Matthew Ritter's interest in epitaphs began in junior high, when a history book displayed the haunting message on the grave of an ancient Roman: "What I am you soon shall be." He started writing epitaphs of his own in the margins of his notebooks, summing up the imaginary lives of imaginary people in a few concise lines.
14 Hours Productions recently released Welcome to Boon Hill, a "graveyard simulator" where Ritter finally got a chance to put those skills to work. The game is exactly what it sounds like, and little else; your character arrives at a 16-bit graveyard called Boon Hill and wanders around at their leisure, reading the messages carved into over two thousand graves. There are no surprises, no jump scares, nothing to collect or achieve, except perhaps insight into your own mortality.
The game is also partly inspired by Spoon River Anthology, a poetry collection that tells the story of a fictional small town through the verses on the epitaphs of its inhabitants. While Welcome to Boon Hill isn't quite so cohesive, the graves you read feel a little bit like creative prompts that can start to form a larger picture in your mind. Sometimes their message is concise: how someone died and when, a life in two bullet points. Other times they suggest a much richer story, or offer some sort of takeaway: a moral or a cautionary tale to guide the living away from their mistakes.
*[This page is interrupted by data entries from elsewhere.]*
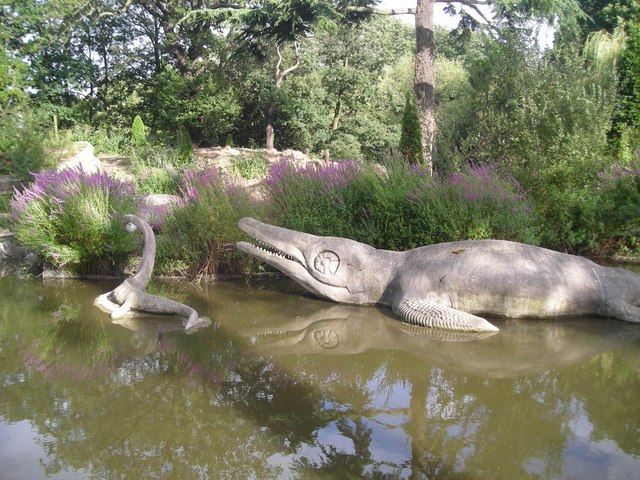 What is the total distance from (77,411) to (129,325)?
2263 millimetres

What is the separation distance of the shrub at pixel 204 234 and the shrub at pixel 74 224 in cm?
63

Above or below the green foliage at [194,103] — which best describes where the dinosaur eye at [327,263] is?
below

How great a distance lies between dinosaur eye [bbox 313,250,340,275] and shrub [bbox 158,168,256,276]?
184 cm

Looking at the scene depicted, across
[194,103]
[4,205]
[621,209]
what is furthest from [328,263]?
[194,103]

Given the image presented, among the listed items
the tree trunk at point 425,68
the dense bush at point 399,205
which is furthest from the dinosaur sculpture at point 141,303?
the tree trunk at point 425,68

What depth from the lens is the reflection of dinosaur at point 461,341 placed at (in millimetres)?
4801

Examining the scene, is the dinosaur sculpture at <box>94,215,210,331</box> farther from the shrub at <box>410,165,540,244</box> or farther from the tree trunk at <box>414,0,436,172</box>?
the tree trunk at <box>414,0,436,172</box>

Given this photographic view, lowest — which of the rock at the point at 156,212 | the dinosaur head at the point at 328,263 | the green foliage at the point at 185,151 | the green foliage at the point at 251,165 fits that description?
the dinosaur head at the point at 328,263

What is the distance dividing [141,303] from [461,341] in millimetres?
3748

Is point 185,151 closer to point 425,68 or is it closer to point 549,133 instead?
point 425,68

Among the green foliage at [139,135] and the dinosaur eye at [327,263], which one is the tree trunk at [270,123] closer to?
the green foliage at [139,135]

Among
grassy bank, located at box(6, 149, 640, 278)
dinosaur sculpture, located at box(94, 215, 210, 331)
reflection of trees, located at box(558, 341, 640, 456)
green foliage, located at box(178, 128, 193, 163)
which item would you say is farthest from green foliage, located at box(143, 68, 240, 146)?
reflection of trees, located at box(558, 341, 640, 456)

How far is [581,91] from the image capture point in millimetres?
11789

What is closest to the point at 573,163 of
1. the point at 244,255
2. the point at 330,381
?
the point at 244,255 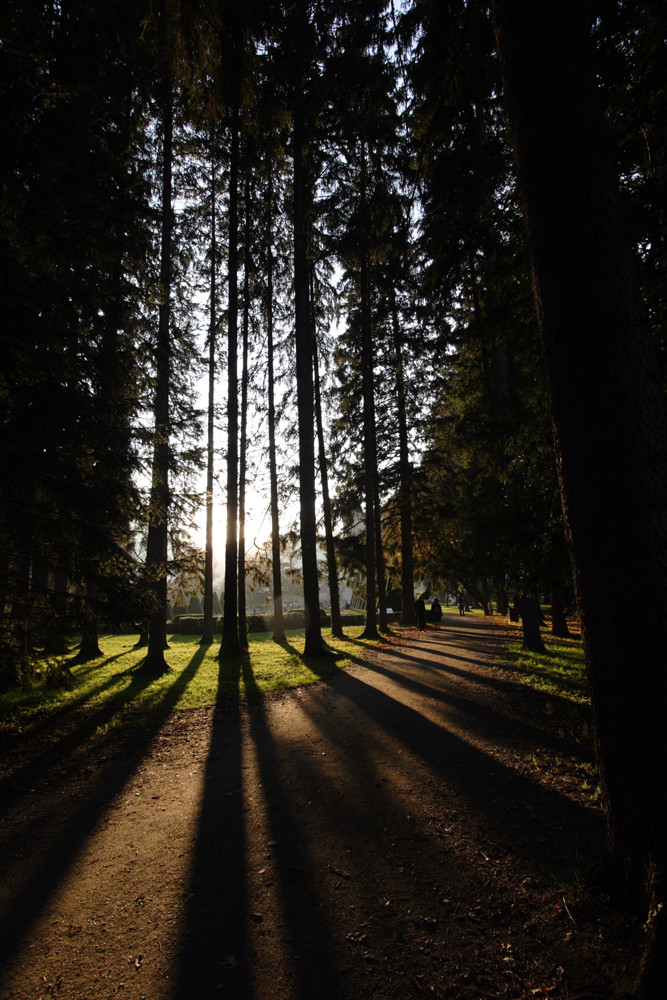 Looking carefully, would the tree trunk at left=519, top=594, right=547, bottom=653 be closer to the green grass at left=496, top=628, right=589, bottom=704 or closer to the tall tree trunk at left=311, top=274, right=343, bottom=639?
the green grass at left=496, top=628, right=589, bottom=704

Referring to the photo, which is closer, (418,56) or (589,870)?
(589,870)

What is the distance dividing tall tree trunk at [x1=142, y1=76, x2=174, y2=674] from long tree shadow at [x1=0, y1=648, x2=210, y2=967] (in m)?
3.77

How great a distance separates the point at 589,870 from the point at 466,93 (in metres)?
7.68

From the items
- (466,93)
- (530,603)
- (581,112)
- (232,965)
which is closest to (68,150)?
(466,93)

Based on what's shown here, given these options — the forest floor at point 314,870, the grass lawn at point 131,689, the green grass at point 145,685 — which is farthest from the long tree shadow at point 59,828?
the green grass at point 145,685

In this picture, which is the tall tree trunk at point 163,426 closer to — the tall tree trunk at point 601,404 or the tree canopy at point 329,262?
the tree canopy at point 329,262

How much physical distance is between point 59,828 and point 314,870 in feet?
7.80

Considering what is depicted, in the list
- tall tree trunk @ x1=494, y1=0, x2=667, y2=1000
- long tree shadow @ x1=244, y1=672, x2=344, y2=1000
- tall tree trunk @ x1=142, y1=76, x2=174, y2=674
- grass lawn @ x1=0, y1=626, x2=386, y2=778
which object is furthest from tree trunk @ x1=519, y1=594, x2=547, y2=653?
tall tree trunk @ x1=494, y1=0, x2=667, y2=1000

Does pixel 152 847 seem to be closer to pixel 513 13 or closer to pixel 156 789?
pixel 156 789

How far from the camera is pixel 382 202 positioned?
11.0 m

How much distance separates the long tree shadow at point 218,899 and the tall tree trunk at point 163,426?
18.5 feet

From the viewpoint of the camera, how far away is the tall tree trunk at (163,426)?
32.0 ft

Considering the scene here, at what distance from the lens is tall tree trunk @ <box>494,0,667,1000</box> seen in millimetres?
2189

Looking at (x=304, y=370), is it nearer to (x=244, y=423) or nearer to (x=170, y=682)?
(x=244, y=423) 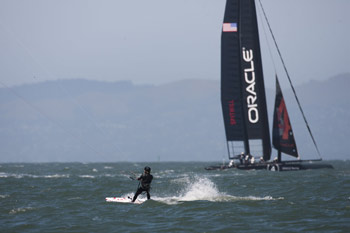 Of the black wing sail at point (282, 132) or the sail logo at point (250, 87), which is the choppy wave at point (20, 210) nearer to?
the black wing sail at point (282, 132)

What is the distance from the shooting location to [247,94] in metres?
64.6

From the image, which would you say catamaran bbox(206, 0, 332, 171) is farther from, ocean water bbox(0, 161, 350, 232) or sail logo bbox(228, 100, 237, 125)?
ocean water bbox(0, 161, 350, 232)

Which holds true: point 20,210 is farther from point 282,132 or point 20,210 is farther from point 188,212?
point 282,132

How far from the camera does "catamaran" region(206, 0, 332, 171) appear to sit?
206 ft

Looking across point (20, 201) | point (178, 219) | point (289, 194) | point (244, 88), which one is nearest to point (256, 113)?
point (244, 88)

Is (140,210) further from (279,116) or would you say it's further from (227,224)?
(279,116)

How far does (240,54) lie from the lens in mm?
63781

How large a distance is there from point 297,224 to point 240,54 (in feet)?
140

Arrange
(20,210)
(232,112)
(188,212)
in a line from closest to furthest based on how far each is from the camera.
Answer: (188,212) < (20,210) < (232,112)

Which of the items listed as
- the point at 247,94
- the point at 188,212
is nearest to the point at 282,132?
the point at 247,94

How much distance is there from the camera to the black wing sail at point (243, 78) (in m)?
63.3

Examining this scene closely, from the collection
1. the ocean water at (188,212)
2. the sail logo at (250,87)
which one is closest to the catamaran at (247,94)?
the sail logo at (250,87)

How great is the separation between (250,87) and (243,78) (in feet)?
3.73

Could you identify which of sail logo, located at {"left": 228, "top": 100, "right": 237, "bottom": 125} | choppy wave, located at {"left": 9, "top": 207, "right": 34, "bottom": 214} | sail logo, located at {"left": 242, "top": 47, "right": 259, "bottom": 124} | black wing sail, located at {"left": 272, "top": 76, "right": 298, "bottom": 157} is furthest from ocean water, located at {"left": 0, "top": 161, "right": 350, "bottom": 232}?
sail logo, located at {"left": 228, "top": 100, "right": 237, "bottom": 125} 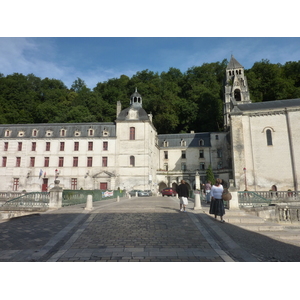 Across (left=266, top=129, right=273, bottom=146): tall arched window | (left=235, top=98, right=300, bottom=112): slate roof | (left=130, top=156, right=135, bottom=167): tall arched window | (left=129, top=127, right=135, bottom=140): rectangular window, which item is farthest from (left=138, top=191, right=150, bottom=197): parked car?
(left=266, top=129, right=273, bottom=146): tall arched window

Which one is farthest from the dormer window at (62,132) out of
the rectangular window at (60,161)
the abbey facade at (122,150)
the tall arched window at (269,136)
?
the tall arched window at (269,136)

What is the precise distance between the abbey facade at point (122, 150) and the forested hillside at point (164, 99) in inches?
527

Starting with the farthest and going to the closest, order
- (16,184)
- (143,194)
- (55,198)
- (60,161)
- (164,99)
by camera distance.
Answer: (164,99) → (60,161) → (16,184) → (143,194) → (55,198)

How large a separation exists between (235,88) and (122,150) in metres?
28.3

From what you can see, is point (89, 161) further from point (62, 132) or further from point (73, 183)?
point (62, 132)

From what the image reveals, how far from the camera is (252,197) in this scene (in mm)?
15977

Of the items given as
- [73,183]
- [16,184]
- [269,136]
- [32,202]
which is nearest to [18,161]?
[16,184]

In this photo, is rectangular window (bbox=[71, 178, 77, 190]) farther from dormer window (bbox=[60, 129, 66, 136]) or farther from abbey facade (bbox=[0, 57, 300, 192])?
dormer window (bbox=[60, 129, 66, 136])

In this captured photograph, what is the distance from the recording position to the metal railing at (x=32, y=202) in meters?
15.2

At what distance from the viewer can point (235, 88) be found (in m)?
48.7

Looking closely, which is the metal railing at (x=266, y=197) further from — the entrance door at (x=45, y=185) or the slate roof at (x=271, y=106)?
the entrance door at (x=45, y=185)

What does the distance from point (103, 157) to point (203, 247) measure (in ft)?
115

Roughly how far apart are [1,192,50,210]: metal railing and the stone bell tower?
132 feet

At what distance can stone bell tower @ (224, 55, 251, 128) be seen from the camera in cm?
4775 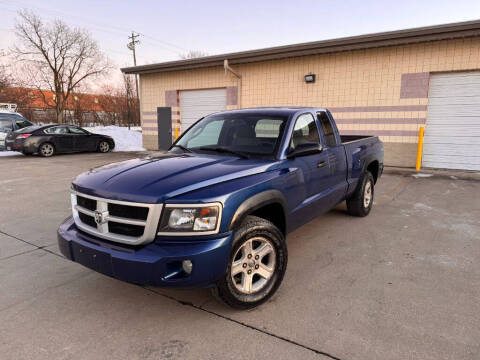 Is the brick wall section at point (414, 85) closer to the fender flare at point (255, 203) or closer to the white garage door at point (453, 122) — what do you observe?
the white garage door at point (453, 122)

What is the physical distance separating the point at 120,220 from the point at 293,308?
5.21ft

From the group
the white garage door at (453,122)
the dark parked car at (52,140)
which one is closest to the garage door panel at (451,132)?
the white garage door at (453,122)

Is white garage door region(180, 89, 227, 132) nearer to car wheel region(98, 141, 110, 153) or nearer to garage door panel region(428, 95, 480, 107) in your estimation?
car wheel region(98, 141, 110, 153)

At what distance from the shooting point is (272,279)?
9.43 feet

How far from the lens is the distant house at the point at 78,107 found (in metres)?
31.2

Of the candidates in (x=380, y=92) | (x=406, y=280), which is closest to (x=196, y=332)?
(x=406, y=280)

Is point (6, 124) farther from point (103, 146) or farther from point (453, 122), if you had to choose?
point (453, 122)

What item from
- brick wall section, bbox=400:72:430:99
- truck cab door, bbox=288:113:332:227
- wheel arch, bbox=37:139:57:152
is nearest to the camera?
truck cab door, bbox=288:113:332:227

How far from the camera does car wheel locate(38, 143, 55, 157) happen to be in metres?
13.5

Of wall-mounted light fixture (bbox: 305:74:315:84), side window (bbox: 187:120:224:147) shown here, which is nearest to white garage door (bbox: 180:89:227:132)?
wall-mounted light fixture (bbox: 305:74:315:84)

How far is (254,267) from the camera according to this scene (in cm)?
277

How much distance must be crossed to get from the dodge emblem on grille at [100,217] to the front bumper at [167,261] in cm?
20

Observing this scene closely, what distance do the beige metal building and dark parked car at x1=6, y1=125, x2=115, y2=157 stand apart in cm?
619

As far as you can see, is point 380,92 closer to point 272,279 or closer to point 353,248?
point 353,248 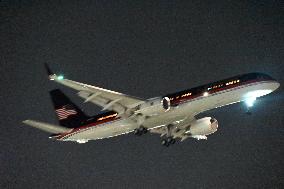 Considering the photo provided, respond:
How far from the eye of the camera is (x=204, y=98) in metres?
56.6

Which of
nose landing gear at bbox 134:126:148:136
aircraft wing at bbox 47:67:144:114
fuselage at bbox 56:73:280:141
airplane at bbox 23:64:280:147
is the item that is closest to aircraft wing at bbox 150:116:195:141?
airplane at bbox 23:64:280:147

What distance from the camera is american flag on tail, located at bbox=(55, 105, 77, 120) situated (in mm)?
69463

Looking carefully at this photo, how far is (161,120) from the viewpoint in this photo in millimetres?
61344

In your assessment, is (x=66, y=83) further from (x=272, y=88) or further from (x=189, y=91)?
(x=272, y=88)

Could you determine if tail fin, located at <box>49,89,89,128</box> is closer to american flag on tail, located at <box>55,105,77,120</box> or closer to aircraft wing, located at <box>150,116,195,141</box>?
american flag on tail, located at <box>55,105,77,120</box>

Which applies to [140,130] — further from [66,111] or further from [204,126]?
[66,111]

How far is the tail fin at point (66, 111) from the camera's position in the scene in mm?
67681

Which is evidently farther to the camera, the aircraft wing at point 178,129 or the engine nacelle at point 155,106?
the aircraft wing at point 178,129

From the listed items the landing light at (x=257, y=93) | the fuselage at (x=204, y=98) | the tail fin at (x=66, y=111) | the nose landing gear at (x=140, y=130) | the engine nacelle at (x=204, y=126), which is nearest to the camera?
the fuselage at (x=204, y=98)

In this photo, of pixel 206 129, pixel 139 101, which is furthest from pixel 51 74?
pixel 206 129

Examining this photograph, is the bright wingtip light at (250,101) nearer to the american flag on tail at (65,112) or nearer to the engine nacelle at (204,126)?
the engine nacelle at (204,126)

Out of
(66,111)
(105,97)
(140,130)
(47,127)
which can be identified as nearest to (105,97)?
(105,97)

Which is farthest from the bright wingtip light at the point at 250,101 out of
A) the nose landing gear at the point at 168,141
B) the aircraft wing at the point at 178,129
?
the nose landing gear at the point at 168,141

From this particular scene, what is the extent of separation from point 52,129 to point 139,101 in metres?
11.9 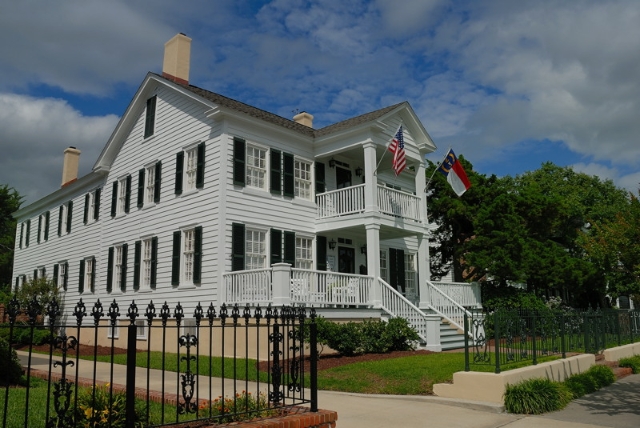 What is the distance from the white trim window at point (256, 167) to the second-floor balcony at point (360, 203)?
2.57 meters

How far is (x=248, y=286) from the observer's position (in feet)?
53.5

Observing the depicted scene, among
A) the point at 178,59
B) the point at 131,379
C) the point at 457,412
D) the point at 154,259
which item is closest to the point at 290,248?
the point at 154,259

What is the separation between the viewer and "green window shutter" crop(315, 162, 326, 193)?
20.9 metres

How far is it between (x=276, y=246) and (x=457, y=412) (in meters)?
10.8

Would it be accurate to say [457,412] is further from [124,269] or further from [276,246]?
[124,269]

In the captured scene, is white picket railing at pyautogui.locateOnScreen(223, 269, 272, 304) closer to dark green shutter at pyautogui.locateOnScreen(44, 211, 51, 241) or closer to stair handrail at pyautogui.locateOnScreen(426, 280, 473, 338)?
stair handrail at pyautogui.locateOnScreen(426, 280, 473, 338)

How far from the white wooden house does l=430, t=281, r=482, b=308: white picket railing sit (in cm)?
7

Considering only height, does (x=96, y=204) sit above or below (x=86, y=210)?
above

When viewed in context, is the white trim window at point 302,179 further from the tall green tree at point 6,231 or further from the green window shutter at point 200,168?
the tall green tree at point 6,231

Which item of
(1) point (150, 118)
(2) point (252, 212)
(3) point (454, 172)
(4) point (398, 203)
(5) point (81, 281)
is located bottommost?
(5) point (81, 281)

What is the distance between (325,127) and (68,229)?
15.1 metres

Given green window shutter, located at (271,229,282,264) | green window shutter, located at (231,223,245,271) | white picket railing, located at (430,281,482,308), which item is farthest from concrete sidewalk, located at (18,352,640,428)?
white picket railing, located at (430,281,482,308)

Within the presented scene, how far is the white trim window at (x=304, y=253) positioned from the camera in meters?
19.7

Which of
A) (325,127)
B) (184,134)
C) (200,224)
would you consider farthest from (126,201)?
(325,127) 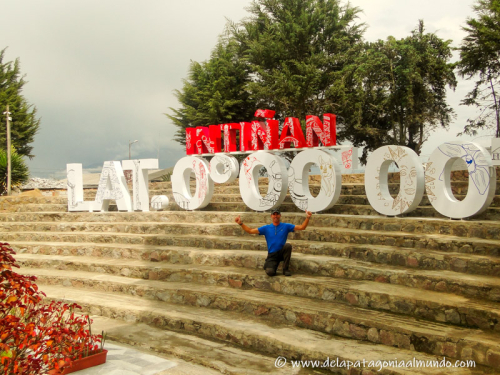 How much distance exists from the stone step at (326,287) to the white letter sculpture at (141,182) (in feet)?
8.49

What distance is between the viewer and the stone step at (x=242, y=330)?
4.41 meters

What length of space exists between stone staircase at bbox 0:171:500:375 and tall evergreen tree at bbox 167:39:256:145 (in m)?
14.9

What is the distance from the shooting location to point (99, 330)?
19.5 ft

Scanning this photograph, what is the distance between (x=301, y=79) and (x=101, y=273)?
1669 cm

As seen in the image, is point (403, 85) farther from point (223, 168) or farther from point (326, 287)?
point (326, 287)

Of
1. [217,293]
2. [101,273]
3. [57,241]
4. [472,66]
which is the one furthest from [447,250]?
[472,66]

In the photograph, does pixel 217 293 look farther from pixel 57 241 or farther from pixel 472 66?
pixel 472 66

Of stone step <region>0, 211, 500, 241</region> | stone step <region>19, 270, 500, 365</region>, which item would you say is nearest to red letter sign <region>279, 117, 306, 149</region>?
stone step <region>0, 211, 500, 241</region>

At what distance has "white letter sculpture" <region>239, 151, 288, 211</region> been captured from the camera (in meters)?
9.06

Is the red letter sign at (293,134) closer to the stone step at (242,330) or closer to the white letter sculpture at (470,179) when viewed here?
the white letter sculpture at (470,179)

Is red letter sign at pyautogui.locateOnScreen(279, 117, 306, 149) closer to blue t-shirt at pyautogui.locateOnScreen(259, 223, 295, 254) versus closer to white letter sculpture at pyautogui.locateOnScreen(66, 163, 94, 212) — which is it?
blue t-shirt at pyautogui.locateOnScreen(259, 223, 295, 254)

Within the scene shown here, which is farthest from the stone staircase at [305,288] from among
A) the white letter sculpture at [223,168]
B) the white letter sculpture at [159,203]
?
the white letter sculpture at [159,203]

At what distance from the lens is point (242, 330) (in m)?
5.23

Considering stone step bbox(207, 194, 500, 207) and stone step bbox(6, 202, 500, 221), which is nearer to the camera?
stone step bbox(6, 202, 500, 221) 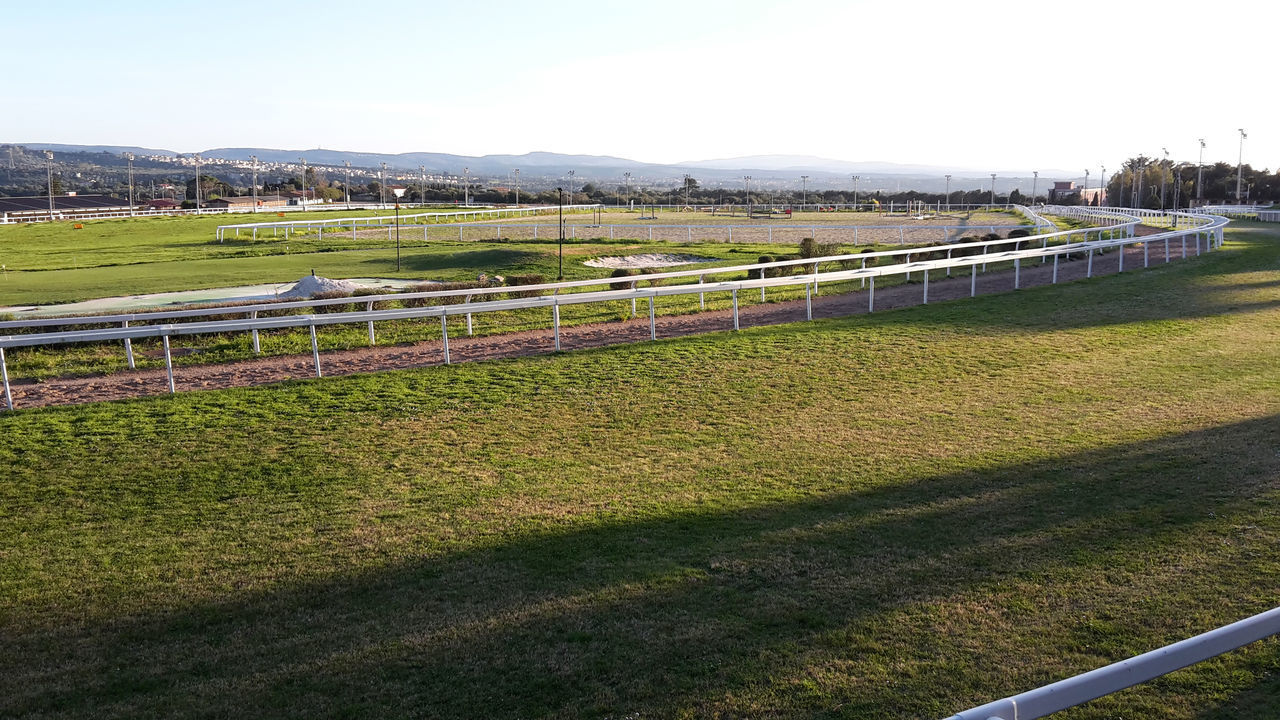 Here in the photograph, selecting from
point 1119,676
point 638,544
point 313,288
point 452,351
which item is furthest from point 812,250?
point 1119,676

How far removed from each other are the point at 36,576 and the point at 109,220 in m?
69.0

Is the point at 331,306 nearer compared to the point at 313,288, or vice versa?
the point at 331,306

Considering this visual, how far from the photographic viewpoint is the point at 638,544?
20.7 ft

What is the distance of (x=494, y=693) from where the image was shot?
4.40 metres

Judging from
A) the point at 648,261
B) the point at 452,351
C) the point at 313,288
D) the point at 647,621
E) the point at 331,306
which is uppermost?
the point at 648,261

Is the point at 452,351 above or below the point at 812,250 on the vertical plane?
below

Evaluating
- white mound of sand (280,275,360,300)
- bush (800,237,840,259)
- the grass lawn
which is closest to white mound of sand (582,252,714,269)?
bush (800,237,840,259)

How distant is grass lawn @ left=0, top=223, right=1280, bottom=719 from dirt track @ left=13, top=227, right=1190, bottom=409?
1047 mm

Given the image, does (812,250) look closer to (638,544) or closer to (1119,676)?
(638,544)

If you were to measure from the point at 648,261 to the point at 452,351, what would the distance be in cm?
2051

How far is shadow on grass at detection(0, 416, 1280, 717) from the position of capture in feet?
14.3

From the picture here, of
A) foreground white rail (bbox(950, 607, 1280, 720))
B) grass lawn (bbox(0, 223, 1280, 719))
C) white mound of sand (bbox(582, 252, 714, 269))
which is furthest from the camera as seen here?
white mound of sand (bbox(582, 252, 714, 269))

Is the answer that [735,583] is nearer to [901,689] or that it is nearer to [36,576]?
[901,689]

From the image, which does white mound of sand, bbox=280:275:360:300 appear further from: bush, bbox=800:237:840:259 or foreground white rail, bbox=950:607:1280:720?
foreground white rail, bbox=950:607:1280:720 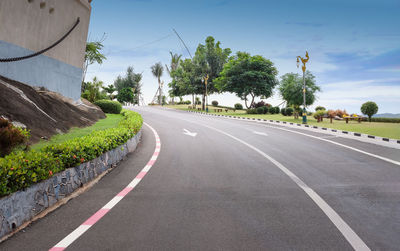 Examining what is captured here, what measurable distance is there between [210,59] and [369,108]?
33139 millimetres

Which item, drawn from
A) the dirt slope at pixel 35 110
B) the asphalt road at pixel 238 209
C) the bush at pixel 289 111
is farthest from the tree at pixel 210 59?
the asphalt road at pixel 238 209

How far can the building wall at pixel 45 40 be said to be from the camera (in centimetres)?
1116

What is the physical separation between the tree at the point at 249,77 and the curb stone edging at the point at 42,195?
4099 cm

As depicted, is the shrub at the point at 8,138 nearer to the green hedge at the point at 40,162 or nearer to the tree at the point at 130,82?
the green hedge at the point at 40,162

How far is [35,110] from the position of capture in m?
10.8

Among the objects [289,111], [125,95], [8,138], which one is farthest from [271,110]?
[125,95]

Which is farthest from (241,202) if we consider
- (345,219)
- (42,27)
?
(42,27)

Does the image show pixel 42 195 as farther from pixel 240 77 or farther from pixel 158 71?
pixel 158 71

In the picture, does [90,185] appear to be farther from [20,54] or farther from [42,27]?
[42,27]

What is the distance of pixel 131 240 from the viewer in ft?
11.5

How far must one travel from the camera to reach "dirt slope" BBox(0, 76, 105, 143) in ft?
31.2

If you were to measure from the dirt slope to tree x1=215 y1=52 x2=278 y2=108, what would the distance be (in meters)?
34.8

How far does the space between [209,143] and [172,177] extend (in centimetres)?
565

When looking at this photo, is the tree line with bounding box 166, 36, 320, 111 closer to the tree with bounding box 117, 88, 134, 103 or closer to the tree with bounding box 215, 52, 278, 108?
the tree with bounding box 215, 52, 278, 108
And then, of course, there are the graves memorializing people who aren't much older than you—maybe they're even younger. After a while, it's hard not to think about what someone would write on your grave if you died today, or at least how you'd want to be remembered. Have you done enough? Have you loved enough?
"I feel there's something to be experienced by exploring a graveyard, just for the sake of exploring a graveyard." Ritter explains in a trailer for the game. "It's not really about death, it's about life. Epitaphs are written for the living."
Welcome to Boon Hill is available now on Steam for both PC and Mac.